Hypoxia is a common feature of all solid tumors and plays an essential role in tumor occurrence and development.[26] The hypoxia signaling pathway is known to regulate multiple steps of tumorigenesis and keys oncogenes, such as FAM13A played a key role in lung cancer under hypoxia.[27-29] Gastric cancer was also reported to display hypoxia, which could be a potential therapeutic target.[30] Previous studies indicated that the cross-talk between Wnt/β-catenin and hypoxia signaling pathway, but the mechanism has not well documented due to the complexity of the network between Wnt/β-catenin and hypoxia signaling pathway. As mentioned above, SOX5 serves important roles in various cancer types[24,25]; however, the association of SOX5 with hypoxia in GC remains largely unclear. In this study, we for the first time provided the evidence of cross-talk between canonical Wnt/β-catenin and hypoxia signaling in that hypoxia led to suppress miR-338-3p expression in GC and enhanced SOX5 expression in a HIF-1α-dependent manner, suggesting that the hypoxia pathway might promote oncogenic Wnt/β-catenin signaling by recruiting HIF-α/miR-338-3p/SOX5 axis. In the current study, we found that miR-338-3p was suppressed by HIF-1α; however, the exactly mechanism that HIF-1α decrease miR-338-3p remains unclearly needed to be explored in the further. In general, these findings may enlarge our views on the interaction of Wnt/β-catenin and hypoxia signaling pathways in GC.
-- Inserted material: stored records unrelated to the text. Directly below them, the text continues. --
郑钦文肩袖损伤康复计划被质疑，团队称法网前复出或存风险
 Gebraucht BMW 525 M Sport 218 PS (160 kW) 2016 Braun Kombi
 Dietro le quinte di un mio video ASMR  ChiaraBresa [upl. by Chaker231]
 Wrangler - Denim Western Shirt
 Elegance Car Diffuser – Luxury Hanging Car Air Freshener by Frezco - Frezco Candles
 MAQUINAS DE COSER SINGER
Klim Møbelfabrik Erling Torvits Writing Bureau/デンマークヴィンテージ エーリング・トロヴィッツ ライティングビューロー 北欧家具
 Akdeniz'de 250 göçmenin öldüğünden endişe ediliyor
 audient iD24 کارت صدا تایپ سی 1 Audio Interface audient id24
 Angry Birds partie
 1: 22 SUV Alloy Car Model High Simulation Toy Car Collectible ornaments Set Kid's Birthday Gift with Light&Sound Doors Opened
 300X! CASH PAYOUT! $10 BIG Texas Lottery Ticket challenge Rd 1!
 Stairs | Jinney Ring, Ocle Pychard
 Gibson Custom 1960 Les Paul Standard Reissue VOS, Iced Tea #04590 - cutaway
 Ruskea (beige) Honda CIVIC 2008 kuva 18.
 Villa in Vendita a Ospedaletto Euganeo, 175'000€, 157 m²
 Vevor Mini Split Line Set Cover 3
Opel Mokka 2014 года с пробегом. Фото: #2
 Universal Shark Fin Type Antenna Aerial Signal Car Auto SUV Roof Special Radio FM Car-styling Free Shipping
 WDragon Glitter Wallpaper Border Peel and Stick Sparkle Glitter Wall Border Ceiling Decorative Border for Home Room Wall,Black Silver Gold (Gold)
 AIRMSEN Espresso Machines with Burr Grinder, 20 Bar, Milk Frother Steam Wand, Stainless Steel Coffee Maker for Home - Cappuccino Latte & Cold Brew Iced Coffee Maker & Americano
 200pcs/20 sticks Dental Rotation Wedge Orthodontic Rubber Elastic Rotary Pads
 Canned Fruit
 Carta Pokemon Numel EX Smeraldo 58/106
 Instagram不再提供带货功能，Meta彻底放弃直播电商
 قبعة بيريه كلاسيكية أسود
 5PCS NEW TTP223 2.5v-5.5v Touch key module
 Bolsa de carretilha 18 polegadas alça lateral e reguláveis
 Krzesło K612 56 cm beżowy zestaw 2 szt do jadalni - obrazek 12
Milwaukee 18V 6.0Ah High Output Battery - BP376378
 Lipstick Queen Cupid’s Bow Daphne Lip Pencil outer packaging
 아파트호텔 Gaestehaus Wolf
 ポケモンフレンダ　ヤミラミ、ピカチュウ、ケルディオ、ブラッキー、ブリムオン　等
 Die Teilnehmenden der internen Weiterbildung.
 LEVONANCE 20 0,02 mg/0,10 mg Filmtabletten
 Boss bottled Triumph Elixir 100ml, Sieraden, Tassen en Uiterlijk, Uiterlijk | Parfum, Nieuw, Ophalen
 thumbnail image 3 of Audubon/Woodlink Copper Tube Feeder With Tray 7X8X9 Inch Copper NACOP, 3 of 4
In summary, we found that miR-338-3p expression is reduced in the context of GC in human tissue samples and cells. Overexpression of miR-338-3p in MKN-45 and SGC-7901 cells markedly disrupted their ability to proliferate, likely at least in part via targeting SOX5. Our results thus highlight potential novel therapeutic strategies for treating GC. Our future research efforts will focus on further exploring differential expression of miR-338-3p and SOX5 in a variety of different GC subtypes, in addition to exploring their clinical and diagnostic significance to further understand the optimal clinical utility for these markers of GC.